The people's demands seemingly met after 19 days of unrelenting protests...
Opposition leader Mohamed ElBaradei says Egypt for a first time has a chance "to be democratic, to be free, to have a sense of dignity, of freedom". A time of elation for the Egyptian people and probably a time of suspense for Israel, USA, the rest of the Arab World.
Hosni Mubarak handed over power to the Egyptian Army's Supreme Council who is supposed to ensure a smooth transition of his departure from office. It's strange that the military's infinite patience (or seemingly so) has for the entire duration of the riots, been sidelined and merely scratched on the surface during media coverage. The attention was drawn to the premier, the nation, the people and the rest of the world having a stake in the outcome.

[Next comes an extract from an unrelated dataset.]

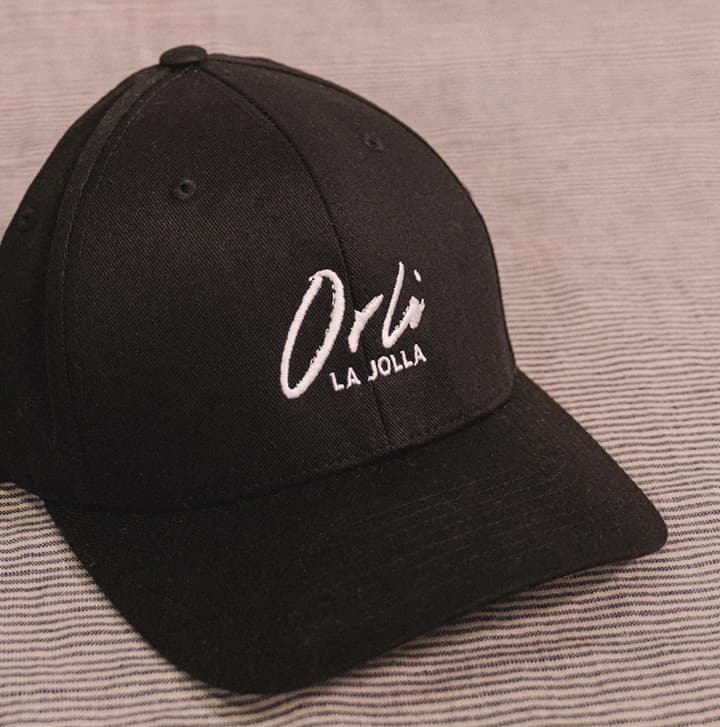 Black Orli La Jolla baseball cap with white embroidered logo, displayed on a neutral textured surface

The army presents a neutral arbiter between contending opponents, but it has significant interests of its own to defend. The basic structure of the Egyptian state as it now exists has benefited the military. The practical demands of the protesters were fairly simple: end the state of emergency, hold new elections, and grant the freedom to form parties without state interference. But these demands would amount to opening up the political space to everyone across Egypt's social and political structure. That would involve constitutional and statutory changes- e.g. reforming Egypt as a parliamentary rather than a presidential system, in which a freely elected majority selects the prime minister (who is now appointed by the president). These changes would do away with power structure the Egyptian army created in 1952's coup.

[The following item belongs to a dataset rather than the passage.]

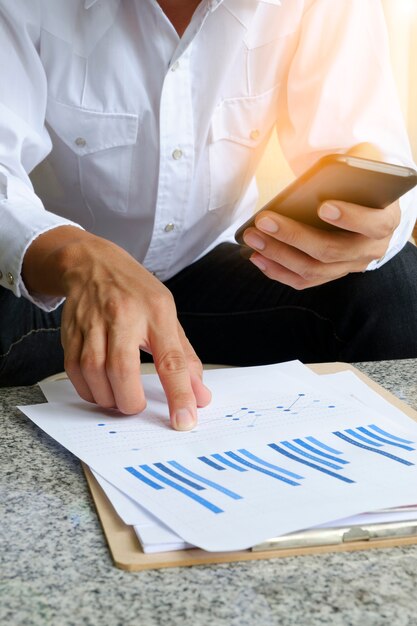 businessman holding mobile phone with analyzing financial chart on tablet , strategy concept , business idea , business concept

We must bear in mind that the military has access to the ruling party (NDP) and owns industries which controls 5-20% of Egypt's economy. A military coup is always remotely possible if their interests would be undermined by the interim government.
We are now witnessing history unfolding and the rise of a new regime or at least, a harbinger of one.

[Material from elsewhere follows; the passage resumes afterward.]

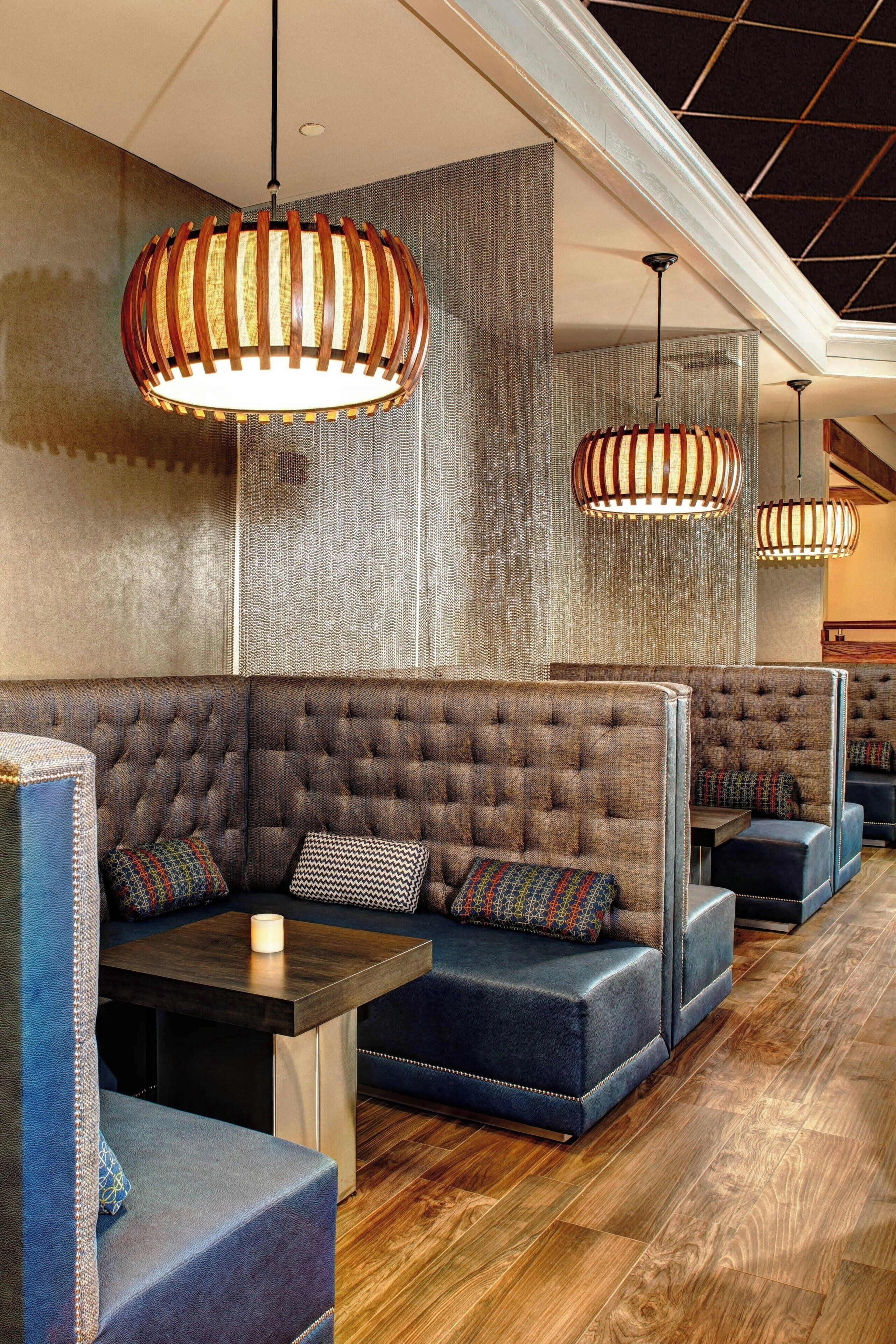 A modern restaurant with booth seating, wooden flooring, and pendant lighting.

Of course, there's the Muslim Brotherhood- it must be remembered that they were target of arrests during Hosni Mubarak's time and all of a sudden, the power realisation seems to be a lot more realistic. Their goal is to institute an Islamic state by political means, not violence.
The West will be worried if democracy comes to quickly in the form of speedy empowerment of the Muslim Brotherhood whom USA does not know how they will react to American influence. USA had expanded billions of dollars to back Egypt during Hosni Mubarak's time which he had very little to show for. Under Hosni Mubarak's rule, Egypt kept peace with Israel and close ties with the West. His government was an important ally of the United States in the Israeli-Palestinian peace process. He also earned Western support for his efforts to suppress Islamic extremism- in the 1990s he waged a war against Islamist fundamentalism and extremism from which, the military's role evolved further.
But, a spokesperson for the Muslim Brotherhood (or so I've read) has told CNN that MB has vowed not to field a presidential candidate as they only desire representation via seats in parliament but does not want a majority. In the Egyptian political arena for the last 3 weeks, we all know things can seemingly take a turn without a moment's notice, so this will be left to be seen. If the military's interests is guaranteed and their industries protected, we will see if this will still be the case when they have the army's backing.